It’s being reported that IRS Commissioner Billy Long was forced out yesterday after the agency clashed with White House and DHS officials over access to data on illegal aliens. Treasury Secretary Scott Bessent was put in Long’s place until a permanent nominee can be chosen and confirmed by the Senate.
The Washington Post isn’t reporting that this is why Long was fired, but it does suggest this may have been a contributing factor.
The White House pushed back on the reporting, saying everyone has been in lock step the entire time and any reporting to the contrary is absurd.
Here’s more on the reporting:
The Internal Revenue Service clashed with the White House over using tax data to help locate suspected undocumented immigrants hours before Trump administration officials forced IRS Commissioner Billy Long from his post Friday, according to two people familiar with the situation.
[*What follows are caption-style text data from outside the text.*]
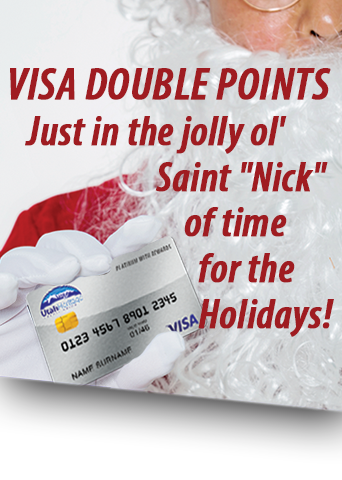 Jolly Old St. Nick holding a UHCU credit card.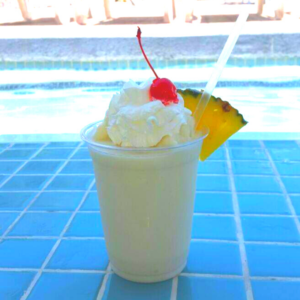 A frozen Piña Colada garnished with a pineapple slice and a cherry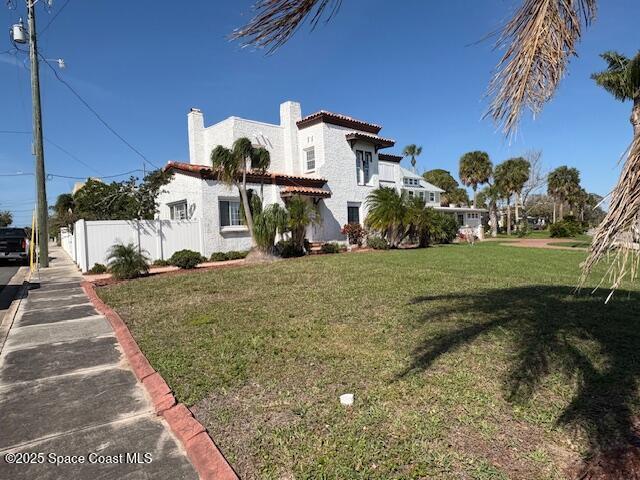 view of side of property with stucco siding, a chimney, fence, and a yard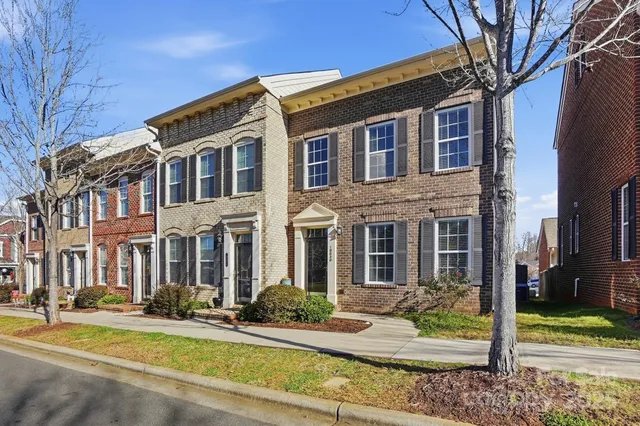 a view of a brick house with many windows next to a road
The Department of Homeland Security sent the IRS a list Thursday of 40,000 names of people DHS officials thought were in the country illegally and asked the IRS to use confidential taxpayer data to verify their addresses, said the people, who spoke on the condition of anonymity for fear of reprisals.
The Treasury Department, the parent agency of the IRS, and DHS agreed to an arrangement in April to facilitate such data sharing — over the objections of the tax service’s privacy lawyers.
On Friday, though, the IRS responded that it was able to verify fewer than 3 percent of the names immigration enforcement officials submitted, the people said.
The names the agency could match were mainly the individuals for whom DHS provided an individual taxpayer identification number. An ITIN is an IRS-specific ID that immigrants often use in place of a Social Security number on a tax filing. Undocumented immigrants pay tens of billions of dollars in taxes each year, which the ITINs help facilitate.
White House officials requested additional information on the taxpayers the IRS identified, the people said — specifically, if any of them had claimed the earned income tax credit, which can reduce the tax bill for some low-income filers. The IRS declined to provide that information, citing taxpayer privacy rights.
Long had previously told agency executives that his agency would not furnish confidential taxpayer information outside of the confines of the IRS’s agreement with DHS, the people said.
Still, the people did not know if tension over the IRS’s role in President Donald Trump’s mass deportation drive contributed to Long’s departure from the IRS.
“The Trump administration is working in lockstep to eliminate information silos and to prevent illegal aliens from taking advantage of benefits meant for hardworking American taxpayers,” White House spokeswoman Abigail Jackson said in a statement.
“Any absurd assertion other than everyone being aligned on the mission is simply false and totally fake news,” she added after this story was published.
DHS said in a statement that the agreement with the IRS “outlines a process to ensure that sensitive taxpayer information is protected, while allowing law enforcement to effectively pursue criminal violations.”